第3話 文句のひとつでも
雨が止んだのを見計らってから店を出て、駅に向かった。
せっかくの日曜日。何か用があるわけでもなかったから、ぶらぶらして帰っても良かったのだけれど、なんだかひどく疲れていて、早く家に帰って眠ってしまいたかった。
駅前のロータリーの横を通り過ぎながら、何の気なしに目を向けると、あのカフェにいた男が立っている。
その姿を見ていると、あの時言われたことに文句のひとつでも言ってもいいんじゃないかと思えてきた。

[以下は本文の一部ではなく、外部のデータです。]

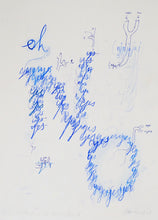 Load image into Gallery viewer, Nikolaus Gansterer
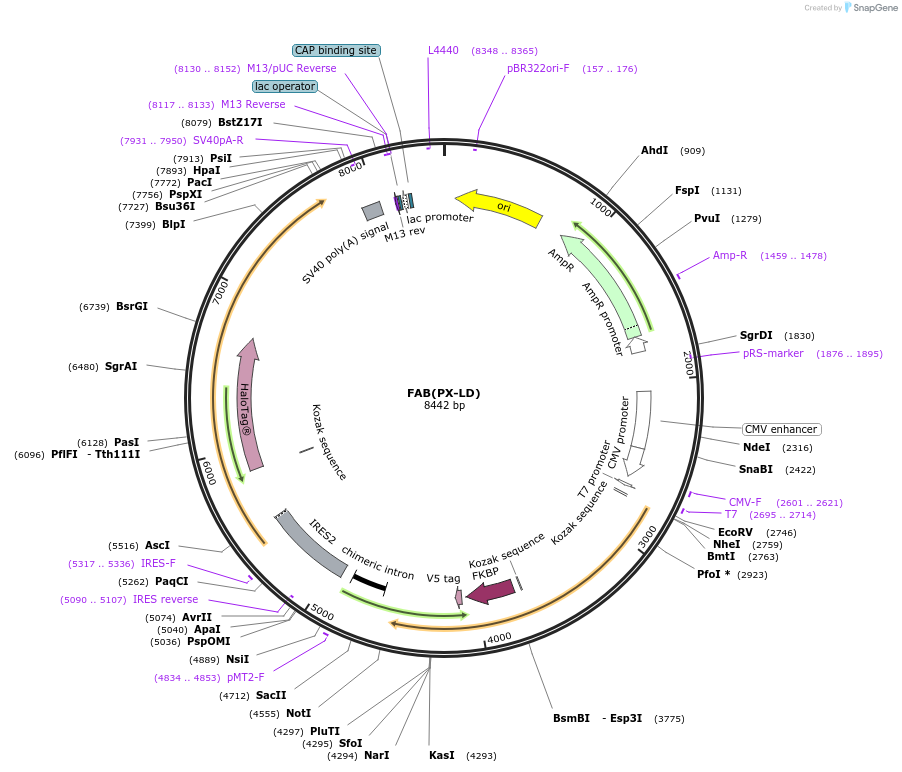 214426-plasmid-map-sequence-id-426360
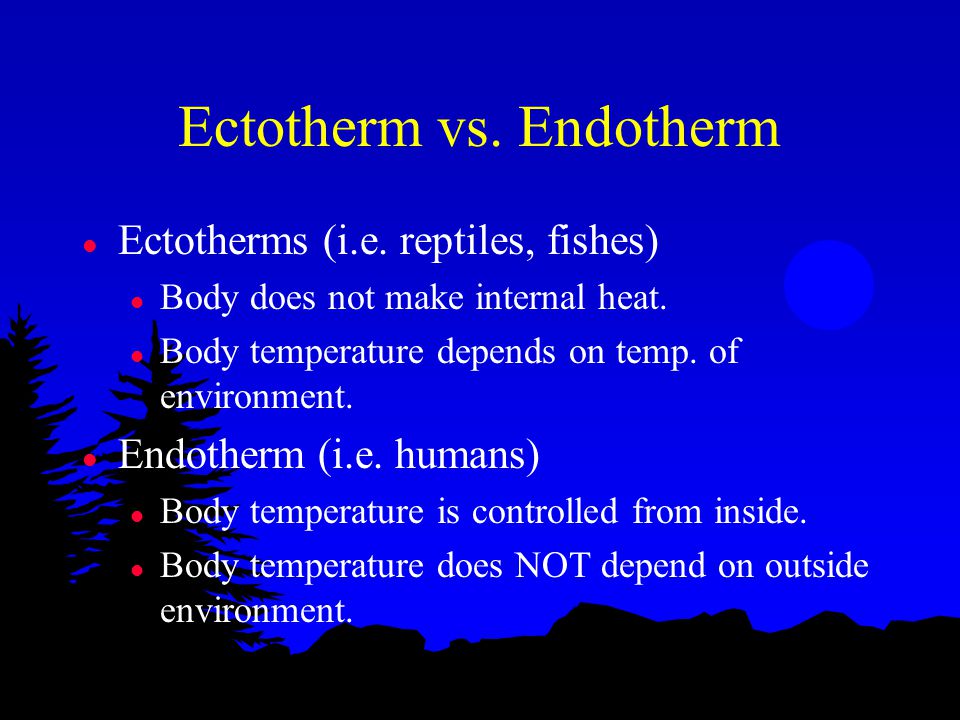 platyhelminthes ectotherm vagy endoterm)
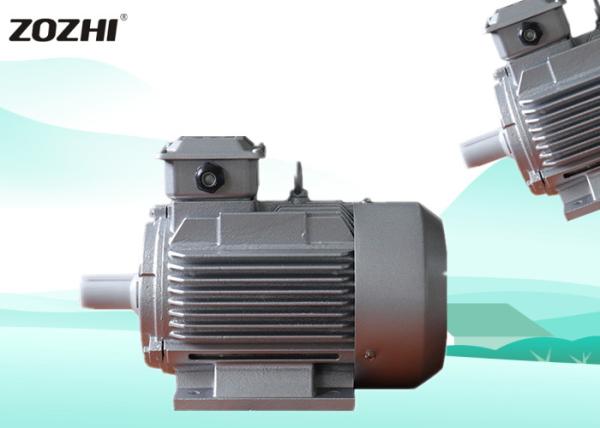Cheap Biomass Pellet Machine Three Phase AC Electric Motor F Insulation Classtion Class for sale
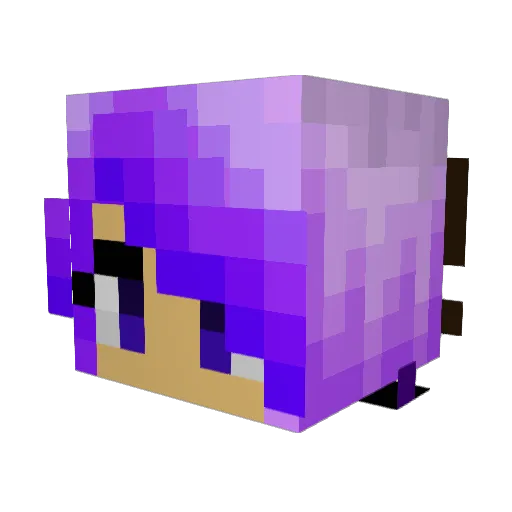 loopsthehunter Minecraft avatar head, 3D render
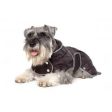 Ancol - Muddy Paws Quilt Coat - Black - Small For Discount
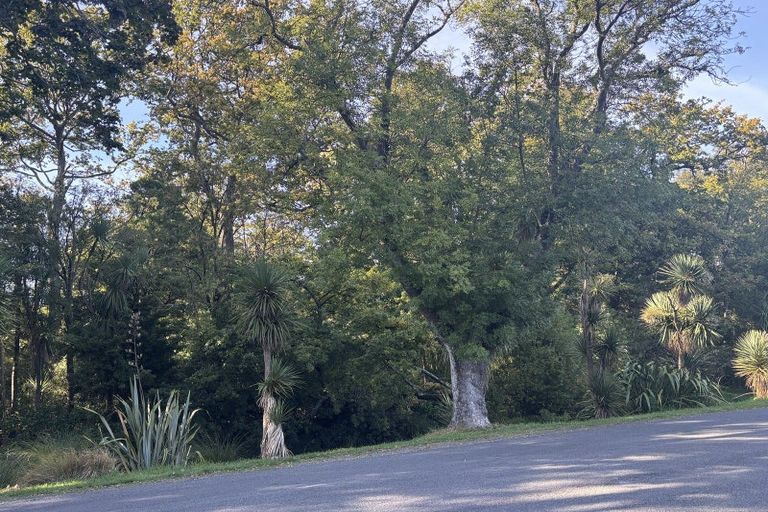 Photo of property in 293 Ashgrove Terrace, Somerfield, Christchurch, 8024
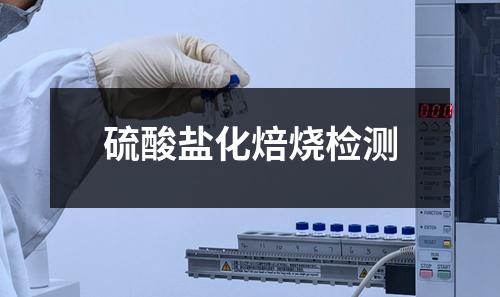 硫酸鹽化焙燒檢測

それで、男の側まで走って行って、衝動的に思っていたことを吐き出した。
「ぶつかったわたしも悪かったですけど、初対面の人間に、あそこまで言うなんて失礼じゃありませんか?」
男は黙ってこちらを見ていたけれど、さっきとはうって変わって、静かな口調で言った。
「それは……ごめんね」
あまりにもあっけなく謝られて、なんだか急にバツが悪くなってしまう。
「あ、いえ、もう済んだことなので、こちらこそすみません」
思わず謝ってしまった……
男は自分が持っていた小さな手提げ袋をわたしに向かって差し出すと、優しく微笑んだ。
「これ、貰い物で悪いんだけど、お詫びに。良かったら食べて」
その時、黒塗りの大きな車が男のすぐ横にとまり、運転手らしき人物が出て来ると、後ろのドアを開けた。
男がわたしに向かって軽く頭を下げてから車に乗り込むと、運転手がドアを閉めた。
何が何だかさっぱり理解できない。
もらった手提げ袋を持ったまま、呆然とその車が見えなくなるまでその場に立ちすくんだ。